Back in Boston, Ted and Lily’s twisted bond grows stronger as they begin to plot Miranda’s demise. But there are a few things about Lily’s past that she hasn’t shared with Ted, namely her experience in the art and craft of murder, a journey that began in her very precocious youth.
Suddenly these co-conspirators are embroiled in a chilling game of cat-and-mouse, one they both cannot survive . . . with a shrewd and very determined detective on their tail.
My Mini Thoughts
This is my first Peter Swanson book, and I wanted to read it because he has a new book coming out this year. Needless to say I want to read more of his work!
This is a book that will keep you guessing up until the very end. I feel like if I read too many thriller/suspense/mystery books in a row, they all jumble together. I had to read this one right after The Prized Girl because my library loan was almost up. I will say this book was different from any suspenseful genre I’ve read in a long time.
Swanson does such a good job at throwing in little twists here and there. Remember that it’s the little things that make the biggest impact in this story. It’s not a case of who did it, because you know already that the characters don’t mind killing others. This is more of a case of how long can they keep killing and get away with it.
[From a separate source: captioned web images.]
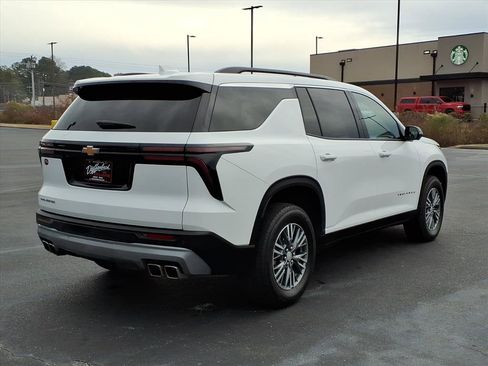 Used 2025 Chevrolet Traverse LT w/ Driver Confidence Package image 17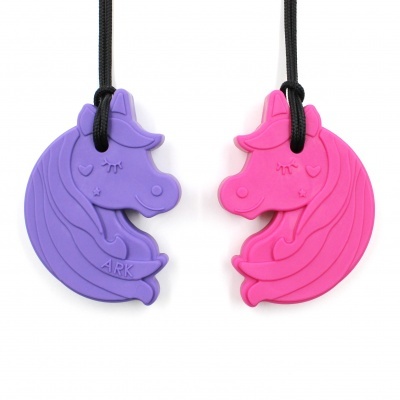 Dois pendentes silicone unicórnio rosa e lilás com cordão preto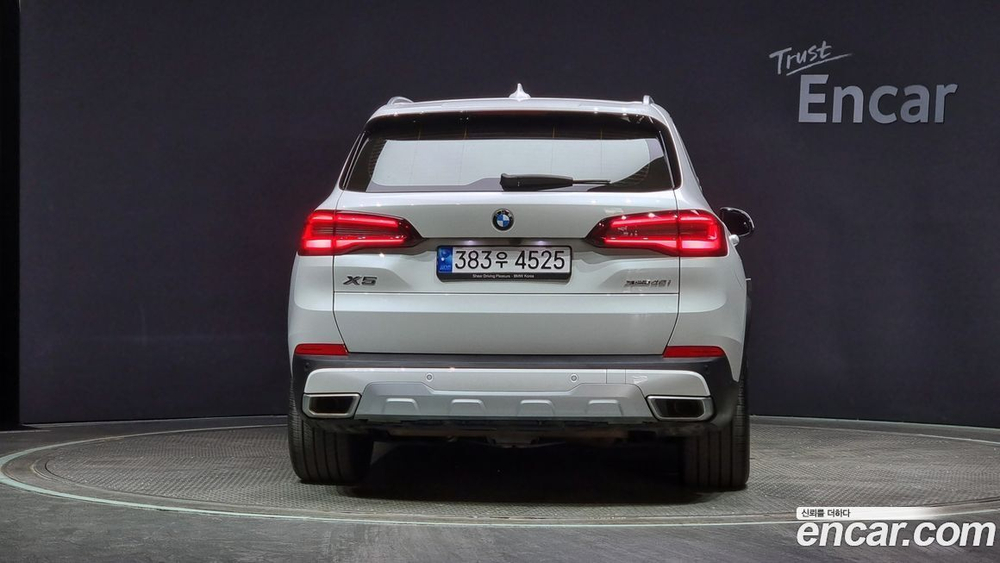 BMW X5 (G05) xDrive 40i xLine (12.2021)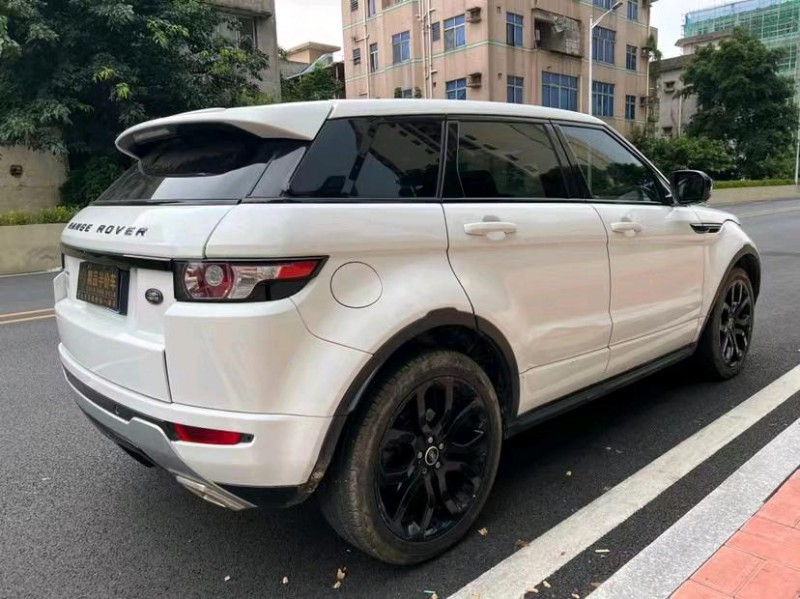 东莞13年路虎极光7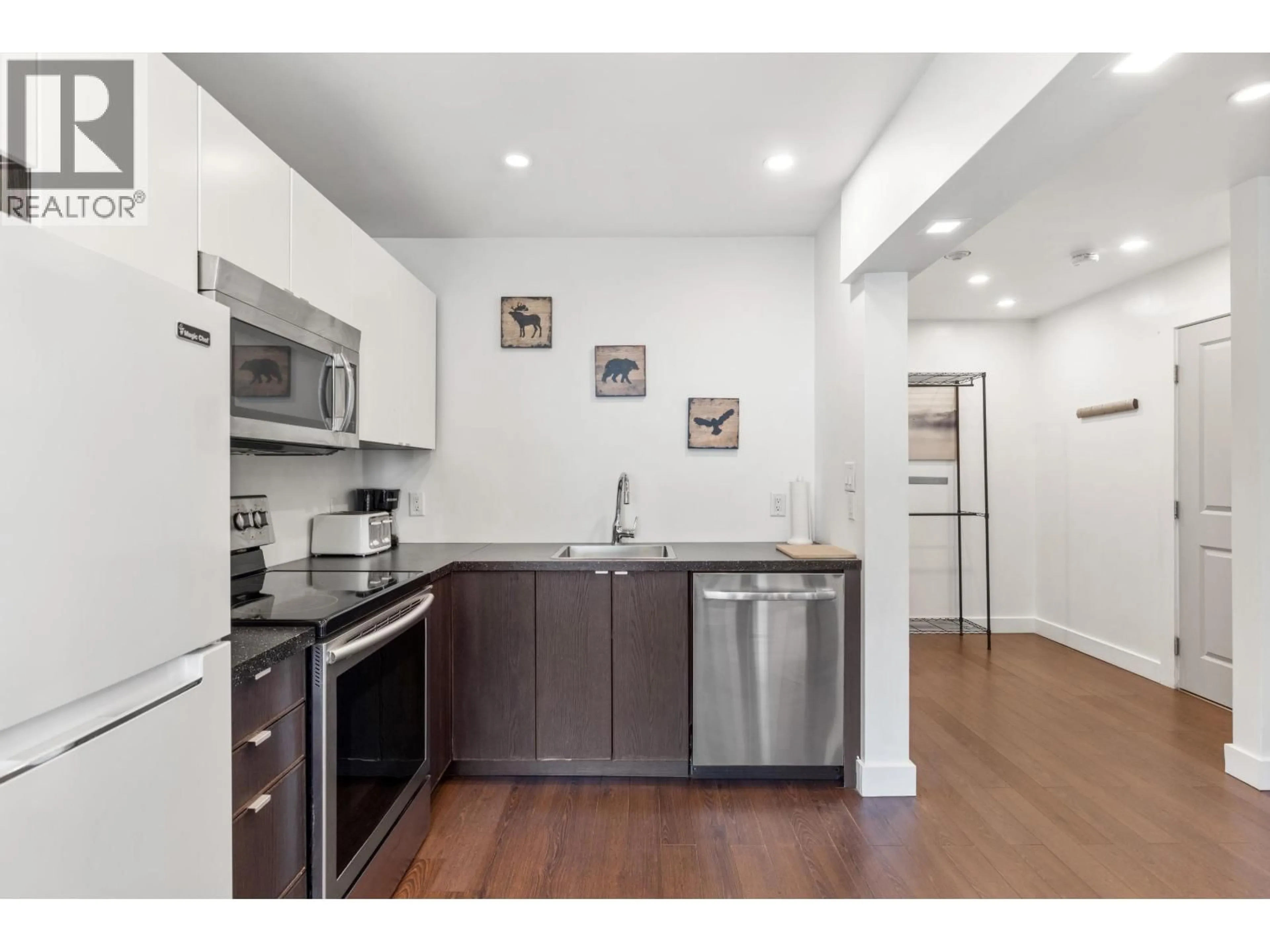 Standard kitchen, unknown for 301 - 2129 LAKE PLACID ROAD, Whistler British Columbia V8E0N4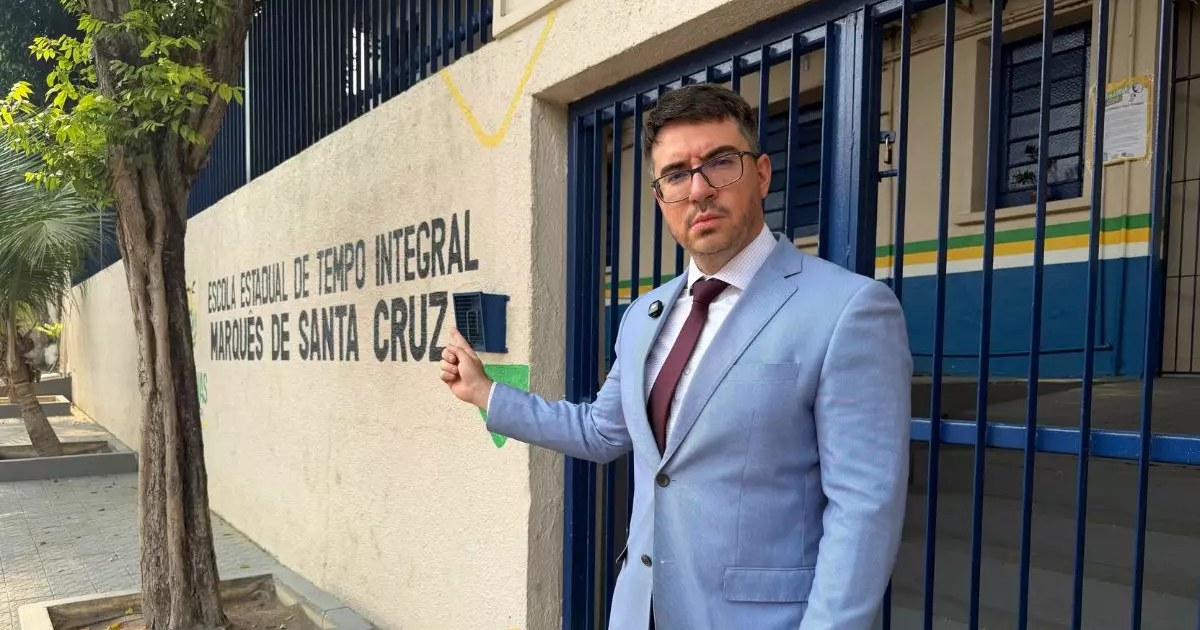 Entre a entrega e o uso, escola de Manaus aguarda instalação de aparelhos de ar-condicionado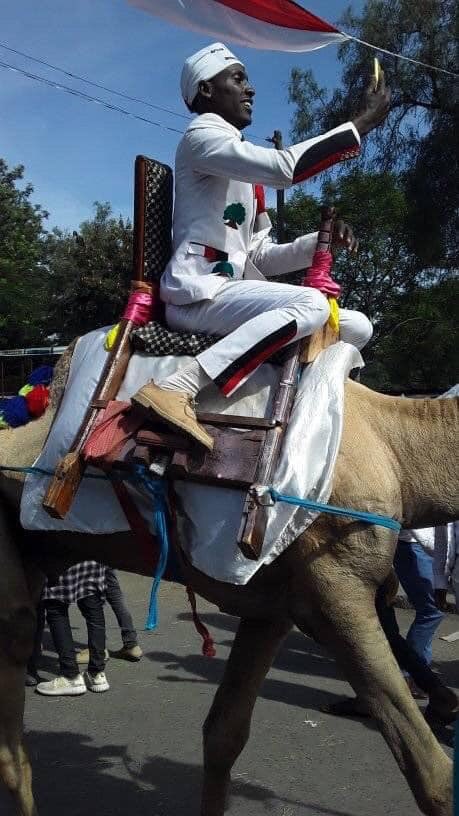 jamals35's tweet photo. I’m very much convinced that #Oromo are the most efficient and creative people on earth!! #Irreecha2019 ❤️💚❤️ https://t.co/34imaZpjyk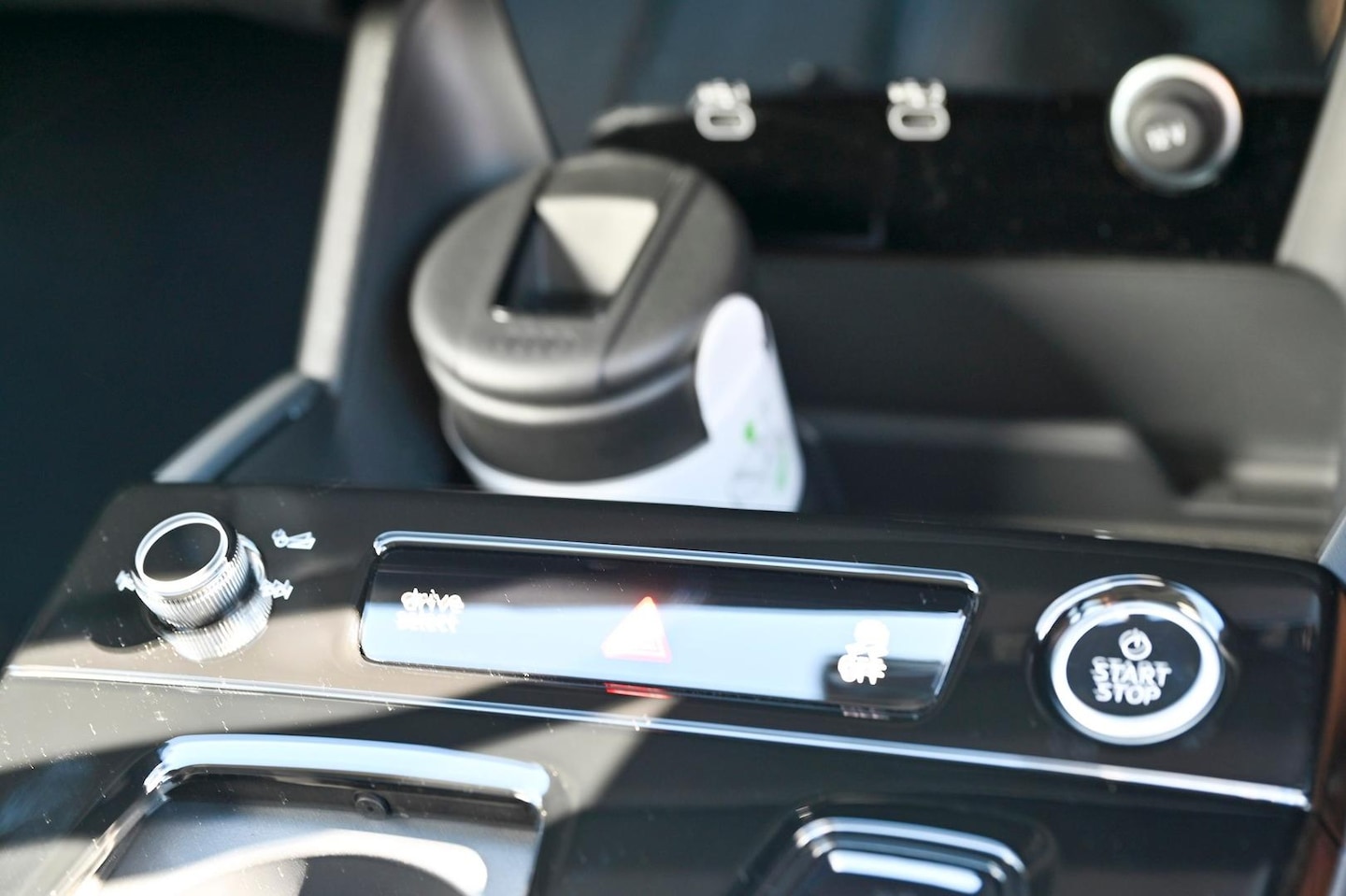 Image about Audi Q6 SUV e-tron e-tron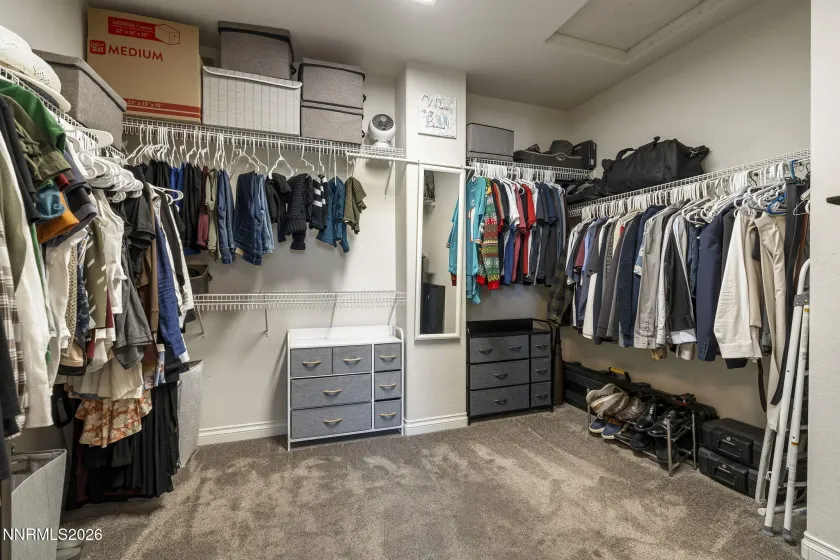 2808 Grosmont, Sparks, Nevada 89436, 4 Bedrooms Bedrooms, ,3 BathroomsBathrooms,Residential,Residential,Grosmont,260004881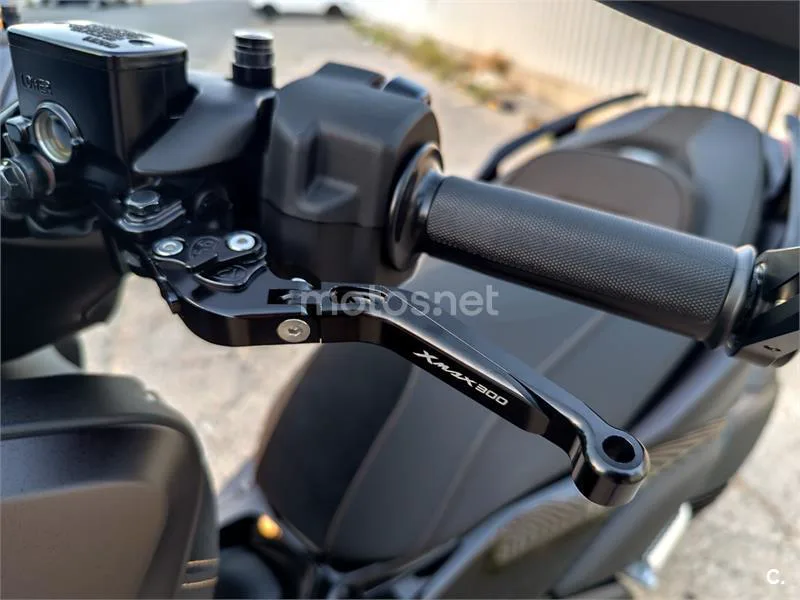 Yamaha XMAX 300 - Vista 31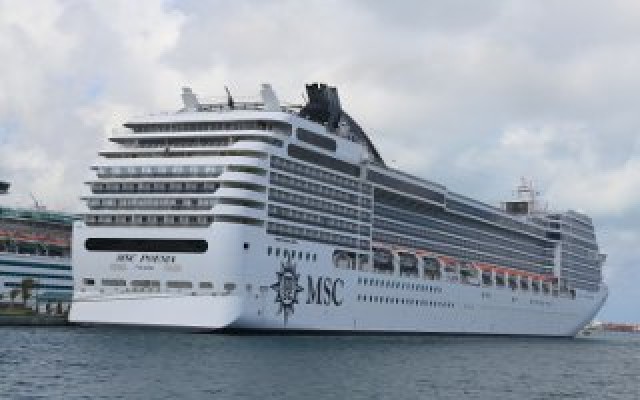 Navi da crociera MSC Poesia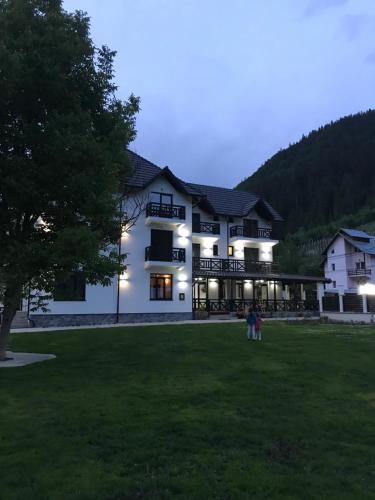Ee Co E C E Ei E C8 A Aa C Eu E C Ea - carbon neutral hotel in Chichibu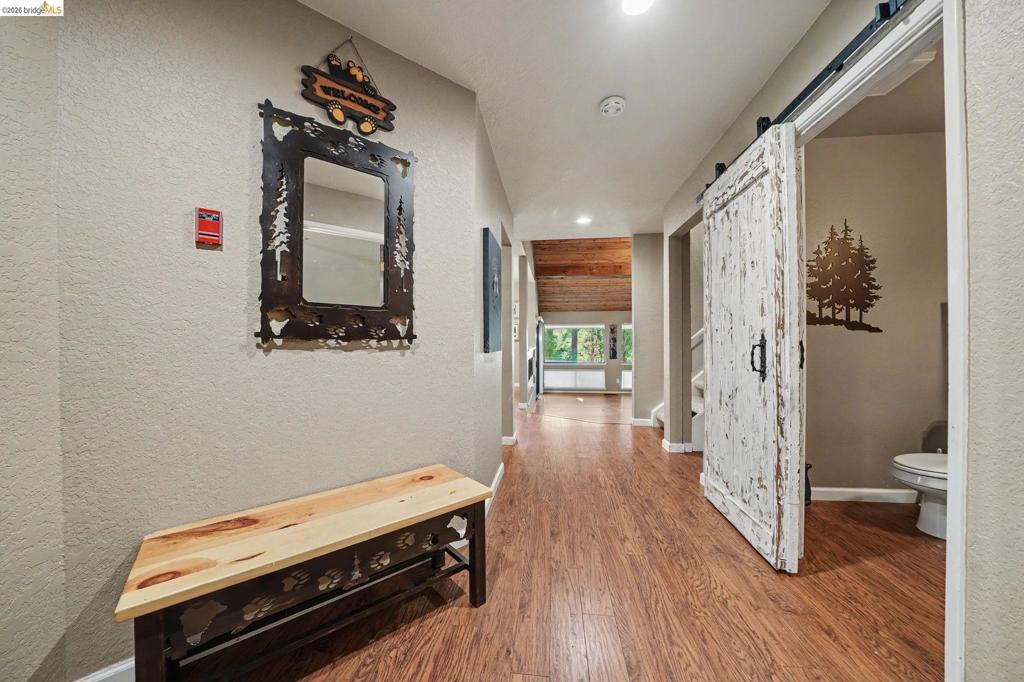 1128 Fairway Ct Property Photo 11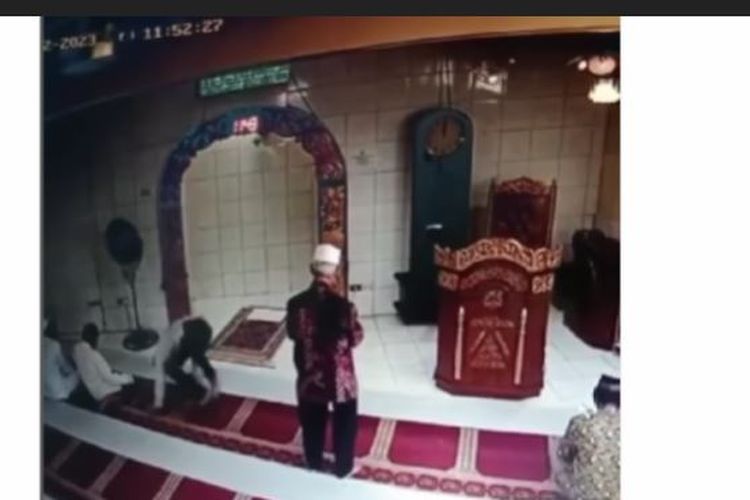Bak Opening Film Mr. Bean, Pria Ini Tiba-Tiba Jatuh dari Atap Masjid dan Kagetkan Jamaah Lain
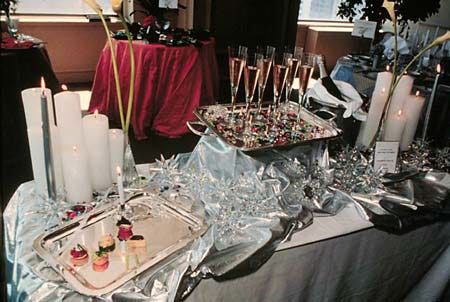 SH99L250DESIGN Dec. 20, 1999 Ñ Setting a festive and glittery New YearÕs table. (SHNS photo courtesy Chris Madden / Scripps Howard News Service)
It’s funny because if you think about it, a person who kills is a bad guy. So that makes most every character in this book a bad guy. That ending though. Wow! What a great way to end the book. The killer knowing their end is coming without reading about how it all plays out.
I am officially excited to read his new book Eight Perfect Murders.
Book Rating: 4/5
For the grand finale this would pair nicely with a nice Columbia Crest Cabernet Sauvignon.